I don't know how practical all of this would be for Novika in particular, though. Even with the most naive implementation I've tried writing, it seems to pay off only when having large and very large arrays, the current implementation degrading more and more up to points where the one I'm describing here is 20x or so faster. The benchmarks I've done are disputable, though, because I'm carefully designing them to hit the "sweet spot" rather than do dirty, massively repetitive work of everyday Novika code.
It should also be noted that the average size of a Novika substrate is ~3.56 elements (running the tests); 2793793 substrates are made. Small and heavily copied substrates rule in the Novika universe. Doing e.g. 100 enclose
results in [] 100 <<
which does make a copy, but not for the most obvious reason. The fact is that it is created with an empty tape, a copy is made due to block open of enclose
(which copies the entire definition of enclose
including []
), leaving the refsubstrate for []
, and then a mutation is introduced, henceforth copying the empty substrate and inserting 100 into the copy. The approach I've described here seems to prevent a copy in this case, because it is completely unnecessary as no conflicts with other claims exist. ALL OF THIS IS DISPUTABLE THOUGH AND I'D NEED TO GIVE THIS A BIG LONG THOUGHT.
Also, Idk how easy it'd be to realloc etc.
Also, Idk how fast this'd be on real Novika code.
Also, I think there cannot exist a buffer with no claims. This is simply impossible or is an invalid state. Most often ,buffers have exactly one claim.
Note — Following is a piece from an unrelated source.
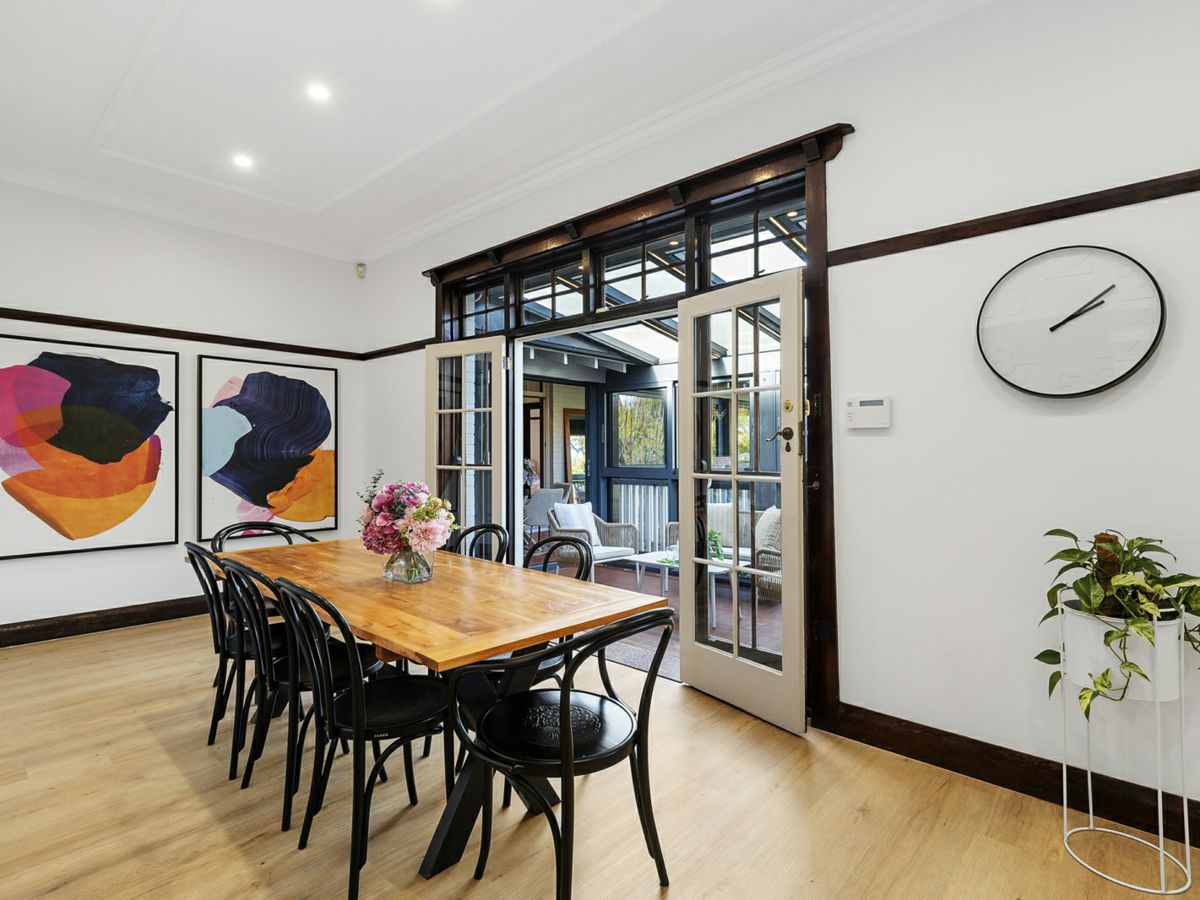 15 Cheltenham Road, Cheltenham - image 3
We could introduce a staticarray of claims with some claim threshold after which new claims make a copy and attach to the copy, but this needs a live implementation where stuff like this could be tested & magic numbers found, not simplistic speculation as I do here, now. What I see most clearly is that we don't need to create a claims array initially -- only when more than one claim is introduced. Otherwise, we'll simply store the "master claim" or something like that and wait out until new claims arrive.
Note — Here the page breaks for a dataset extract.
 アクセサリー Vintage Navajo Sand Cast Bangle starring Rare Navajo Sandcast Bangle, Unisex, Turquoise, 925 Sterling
A lower-level optimization would be to split buffer into chunks and copy them only, but this'd require some mind-boggling pointer jugglery and linked-listery which does not necessarily result in good performance. Another idea is to store changes (mutations) themselves rather than make a full copy & apply them on it, e.g. an "invalid range" (from the viewpoint of a particular buffer) and a "replacement sub-buffer", used when operation index falls in the "invalid range" (this is kind of a mirror-side version of the linked-listery I was just talking about). This paragraph is about some very complex stuff though, and maybe I'm trying to be smart here more than practical...
What needs to be understood is that reducing the amount of block copies is one of the most important pillars in optimizing Novika. The less space is used, the faster are mallocs and reallocs. The less the blobs of stuff are, the faster the GC can look at them and free then. The less copying is done, the less time is spent on copying!
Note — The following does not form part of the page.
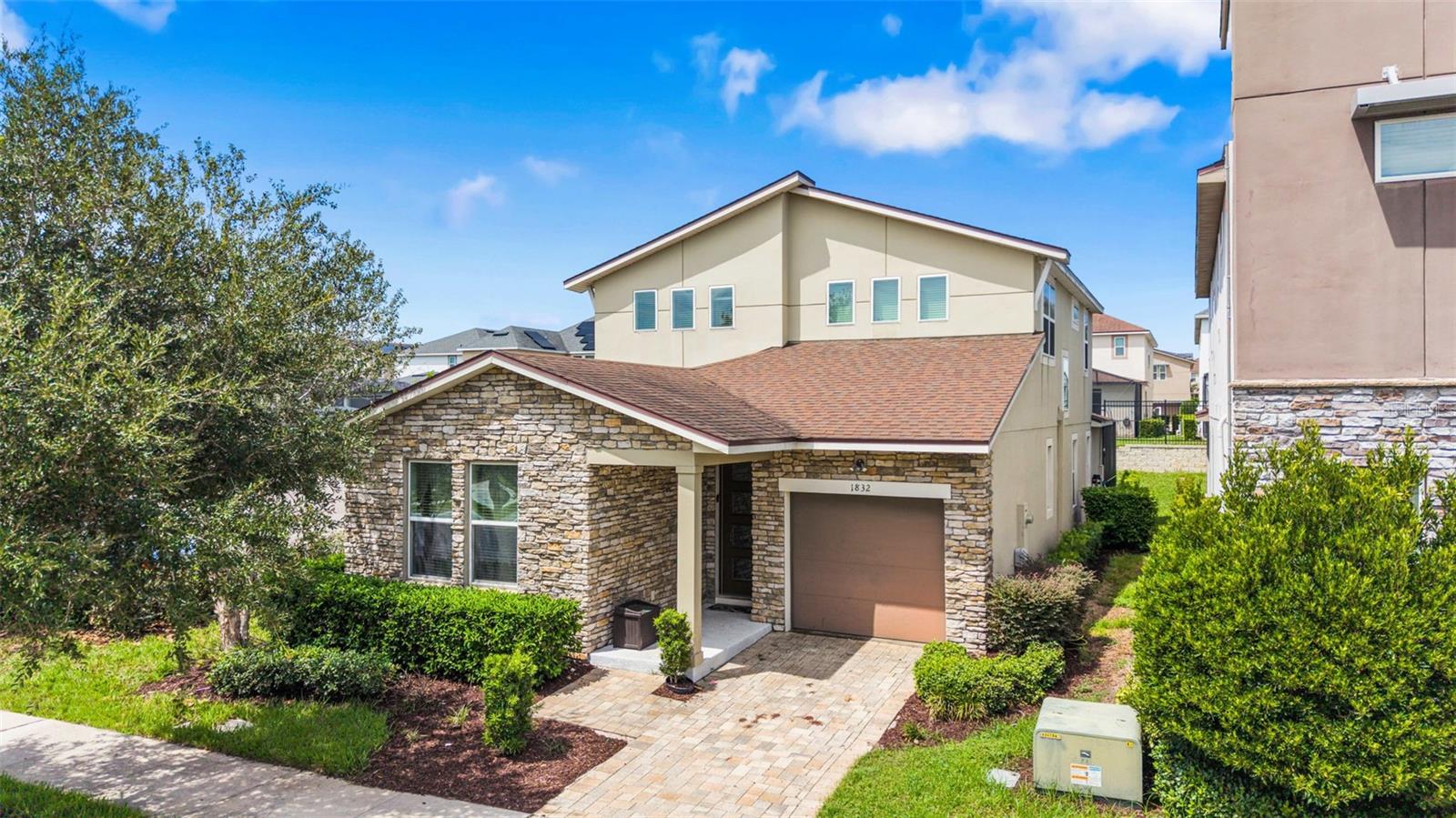 1832 SANDY PARK TRAIL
An illustration to the 2nd from the end paragraph.
Again, I have no idea whether this will work and how much of an effect it would result in. Maybe it won't work. I. Don't. Know.
Maybe rolling out our own, custom Tape implementation (i.e. not using an Array underneath) would be beneficial in terms of performance, because we use an extremely small subset of Array features where e.g. index is always guaranteed to be in bounds (at least for tape), plus there are often a lot of 1-element insertions which means we'd want to have a heuristic to allocate more initially (I think that would make sense). Memory is cheap these days, electricity isn't :)
This should also reduce the number of objects we create. Currently there are (at worst, if no copy is made thanks to CoW we have only Block) 3 objects per block (Block itself -> RealSubstrate -> Array), having Block -> (copy-on-write Tape < Value) -> Pointer (somehow!) may be a bit better.
These are just my speculations & a bit of a reminder to myself, so don't think I'm too serious with it.